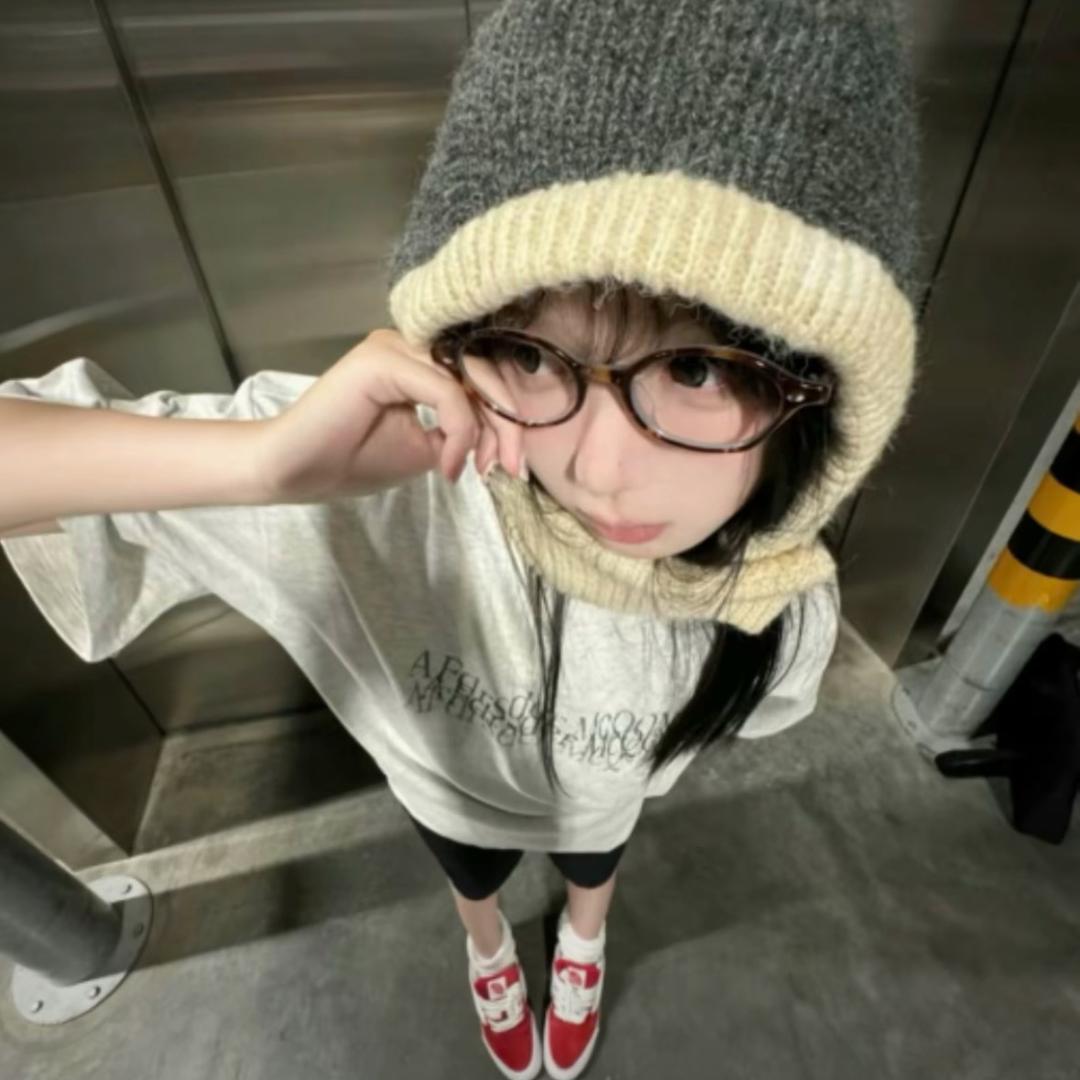 ^•ω•^ و 喵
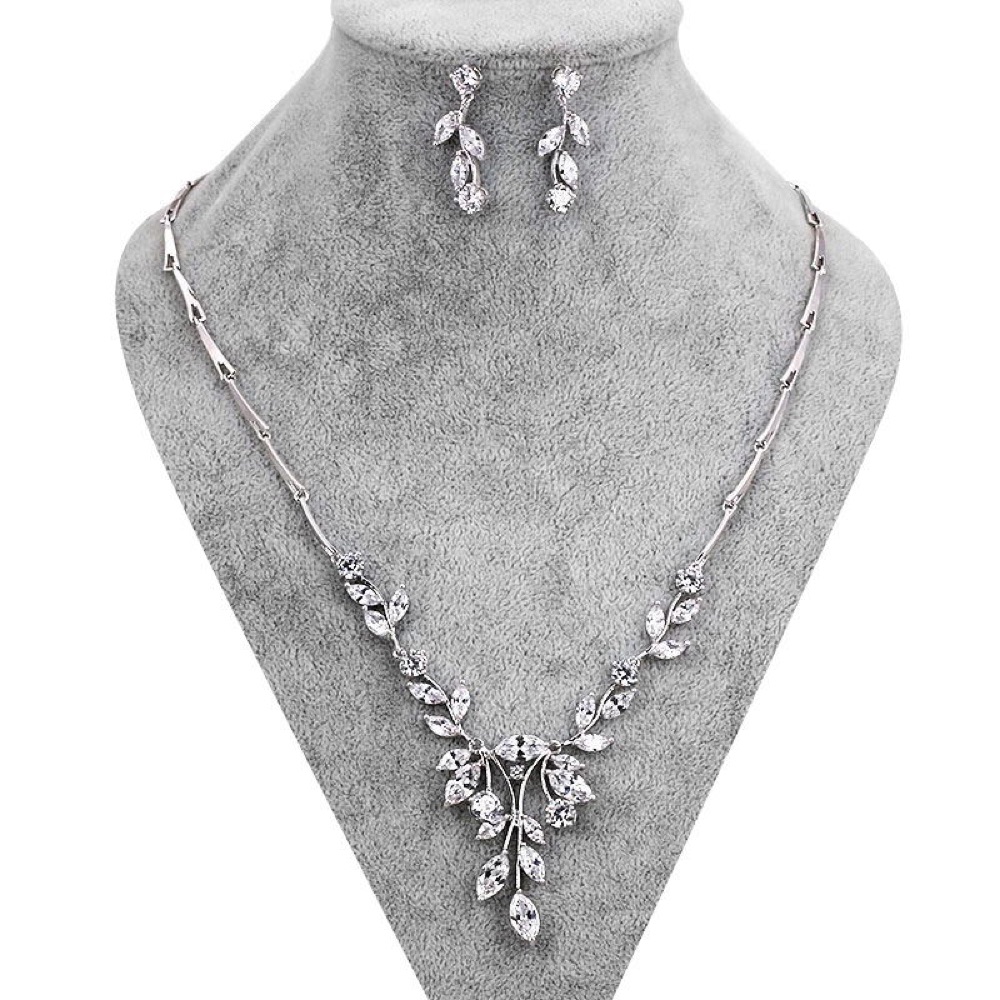 Bridal Model Crystal Necklace Set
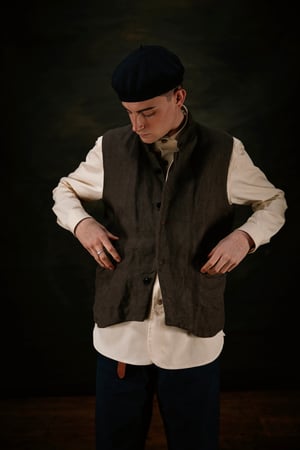 Image of CHINWEST GILET - CafeNoir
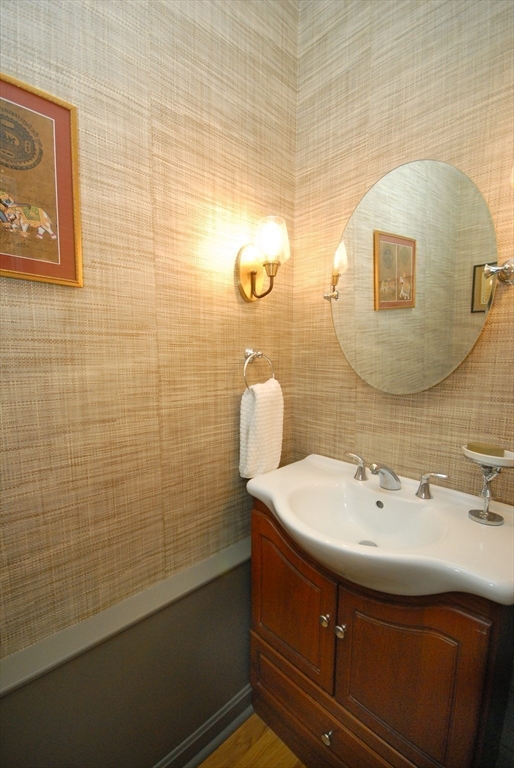100 Keyes Road, Unit 305 Concord, MA 01742 - Photo 20 of 27 Gallery Image 20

------

With the pictures removed, write out exactly the lines from the line containing "Bridal Model Crystal Necklace Set" through the last line of the material above, both included.

Output for this task:
 Bridal Model Crystal Necklace Set
 Image of CHINWEST GILET - CafeNoir
100 Keyes Road, Unit 305 Concord, MA 01742 - Photo 20 of 27 Gallery Image 20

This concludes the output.